I have had some very nice barbecue for dinner, and now I'm mulling over the offerings in the vending machine downstairs, more out of boredom than actual hunger. The best thing about this motel is that it has free wi-fi; otherwise, there's not much on. Epiphany, who accompanied me on this junket -- or, more accurately, whom I accompanied -- is spending the night in the freshman dorms of the local liberal-arts college, having a taste of campus life after dark on a wet Thursday night. I meanwhile am having a taste of it's really too early to go to bed, but there's nothing else to do.
And that's not a bad thing. Do not think that I complain. The solitude is not unpleasant on the whole. After a day of plane changes, it's nice to sit here in the mauve-carpeted quiet with nothing before me that has to be done, except maybe get some Grandma's Cookies out of the vending machine, because calories consumed in Kansas after 8 p.m. don't count.
There's an odd noise coming from somewhere out in the hall, a noise like several people trying to swim in the ice machine.
I think I may be too tired for cookies anyway. Nothing to do but go to bed is sounding better and better to me.
2 comments:
I've never been to Kansas and as silly as it sounds its on my bucket list. "Go To Kansas And Stand In A Wheat Field Just Before Harvest." Not that's what you're doing...there in your hotel room with the folks swimming in the ice machine down the hall. I just thought I'd share. *grin*
Well, you know, you ought to see as much of the world as you can in this life . . .
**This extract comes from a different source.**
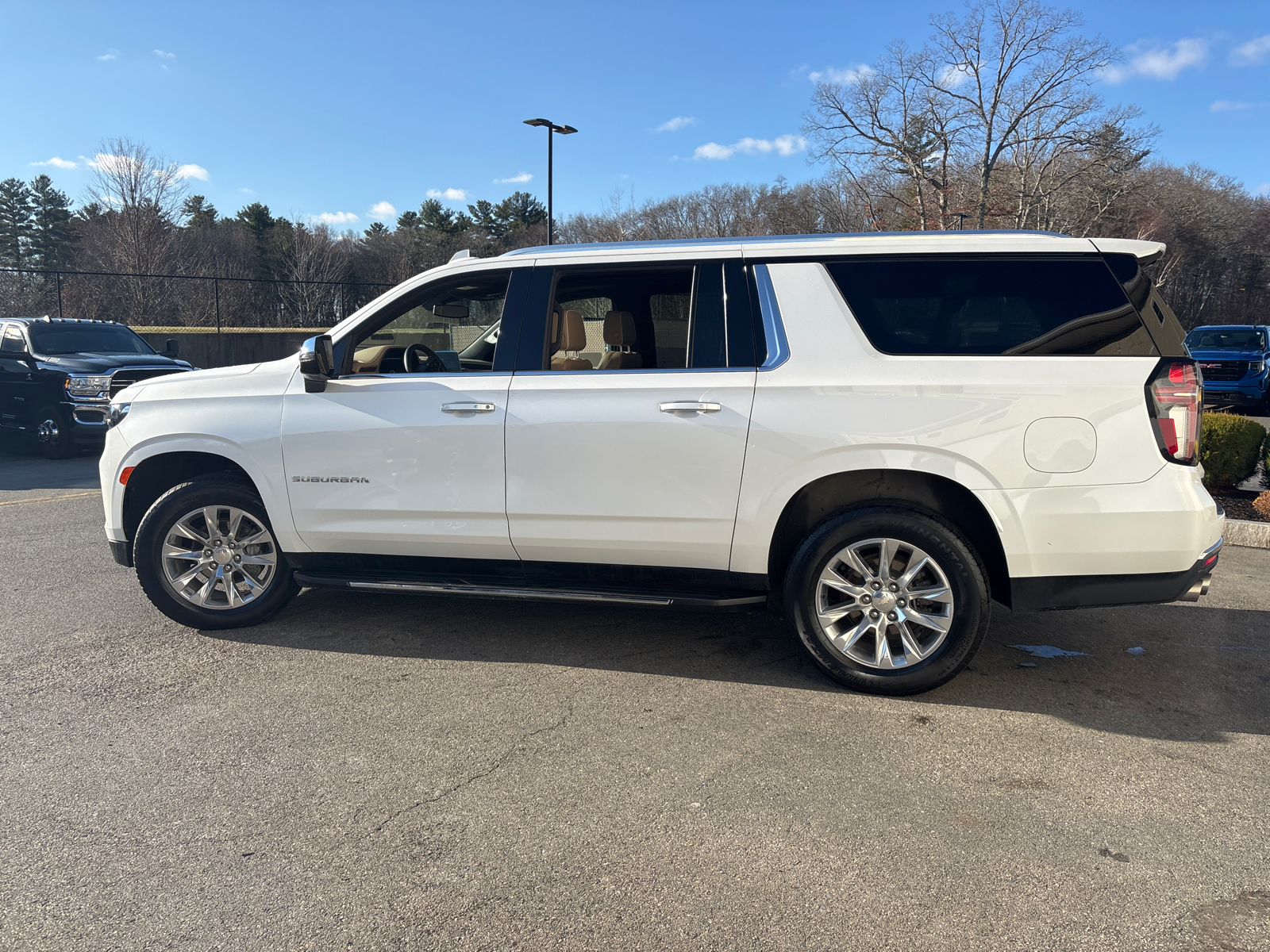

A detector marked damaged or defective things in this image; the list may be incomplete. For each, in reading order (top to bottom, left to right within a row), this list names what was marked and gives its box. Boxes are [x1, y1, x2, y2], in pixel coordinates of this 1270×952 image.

crack in asphalt [371, 701, 576, 832]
Seriously, it is very pretty here. The town we're in is a very archetypal midwestern town, a tidy grid of Victorian houses by the Missouri River. People are lovely and friendly, at least at the college my firstborn is visiting -- they've gone out of their way to be gracious. I'm not sure what I was expecting from this visit, but even in mizzling rain and November gray, it's been really nice.